# Thread: Word problems (pun intended)

1. ## Word problems (pun intended)

I'm having issues setting up a correct equation to solve these 2 problems. I have the answers to the problems I'm just not sure how to get there.

Beth can walk six miles in the same time she can bike 32 miles. If her biking rate is one more than five
times her walking rate, how fast does she walk?

Zack is standing near an 8-foot street lamp. His distance from the base of the lamppost is two feet more
than his height. The length of his shadow is four times his height. How tall is Zack?

2. Originally Posted by Twan
I'm having issues setting up a correct equation to solve these 2 problems. I have the answers to the problems I'm just not sure how to get there.

Beth can walk six miles in the same time she can bike 32 miles. If her biking rate is one more than five
times her walking rate, how fast does she walk?

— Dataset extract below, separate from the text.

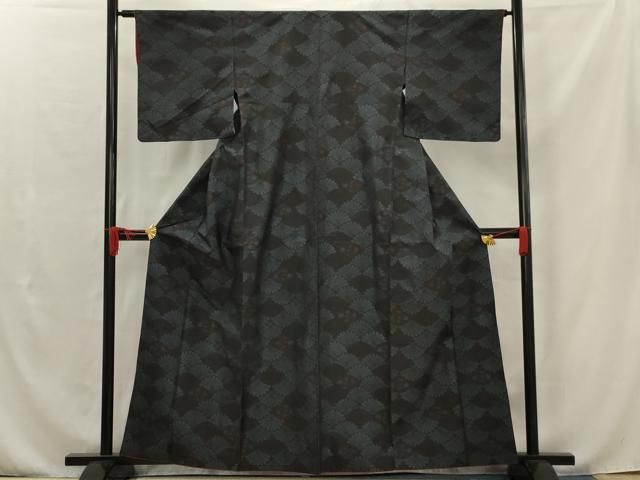 あいめい様3点専用 正絹染め大島紬　絵羽　おぼろ柄　絞り　付下げ あいめい様3点専用 正絹染め大島紬 絵羽 おぼろ柄 絞り 付下げ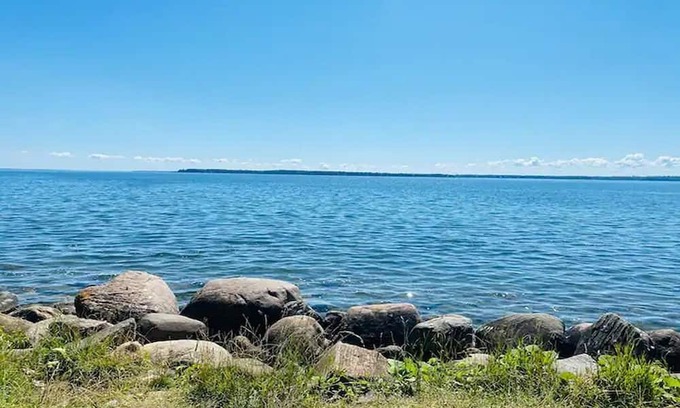Innisfil Apartment | Luxury 2-Bed Suit with Free Parking, Separate Entrance & Fire Pit in Innisfil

Zack is standing near an 8-foot street lamp. His distance from the base of the lamppost is two feet more
than his height. The length of his shadow is four times his height. How tall is Zack?
Let Beth's walking rate be x.
Her biking rate is 5x+1.

$\frac{6}{x}=\frac{32}{5x+1}$

$\frac{3}{x}=\frac{16}{5x+1}$

$16x=15x+3$

$x=3$

---------------------------------------------------------------------------------------------------------------------------------------------

Refer diagram.

AB is Zack.
LO is lamp.

$\frac{AB}{LO}=\frac{BS}{OS}$

Let Zack's height be h feet.

$\frac{h}{8}=\frac{4h}{4h+2+h}$

$\frac{h}{8}=\frac{4h}{5h+2}$

$\frac{1}{8}=\frac{4}{5h+2}$

$5h+2=32$

$5h=50$

$h=6$ feet

Zack is 6 feet tall.

3. Ah I see now, thank you.

edit: the proportion i get with that problem leaves me with an exponent and i dunno how to solve that one out.

4. ..

so glad my major doesn't entail a lot of math

5. Hello, Twan!

Beth can walk six miles in the same time she can bike 32 miles.
If her biking rate is one more than five times her walking rate, how fast does she walk?

We will use: . $\text{Distance} \:=\:\text{Rate} \times \text{Time} \quad\Rightarrow\quad T \:=\:\frac{D}{R}$

Let: . $\begin{array}{ccc} r &=& \text{walking rate} \\ 5r+1 &=& \text{biking rate} \end{array}$

She walks 6 miles at $r$ mph.
. . This takes her: . $\frac{6}{r}$ hours.

She bikes 32 miles at $5r+1$ mph.
. . This takes her: . $\frac{32}{5r+1}$ hours.

These times are equal: . $\frac{6}{r} \:=\:\frac{32}{5r+1}$

Now solve for $r.$

Zack is standing near an 8-foot street lamp.
His distance from the base of the lamppost is two feet more than his height.
The length of his shadow is four times his height.
How tall is Zack?
Code:
    C *
|   *
|       *   A
|           o
8 |           |   *
|          h|       *
|           |           *
* - - - - - o - - - - - - - *
D   h+2     B       4h        E

Zack is $AB = h.$

The street lamp is $CD = 8.$

We are told that: . $DB \:=\:h+2,\;BE \:=\:4h.$
We see that: $DE \:=\:5h+2$

From the similar right triangles: . $\frac{DE}{CD} \,=\,\frac{BE}{AB} \quad\Rightarrow\quad \frac{5h+2}{8} \:=\:\frac{4h}{h}$

We have: . $\frac{5h+2}{8} \:=\:4 \quad\Rightarrow\quad 5h+2 \:=\:32 \quad\Rightarrow\quad 6h \:=\:30$

Therefore: . $h \:=\:6$ . . . Zack is 6 feet tall.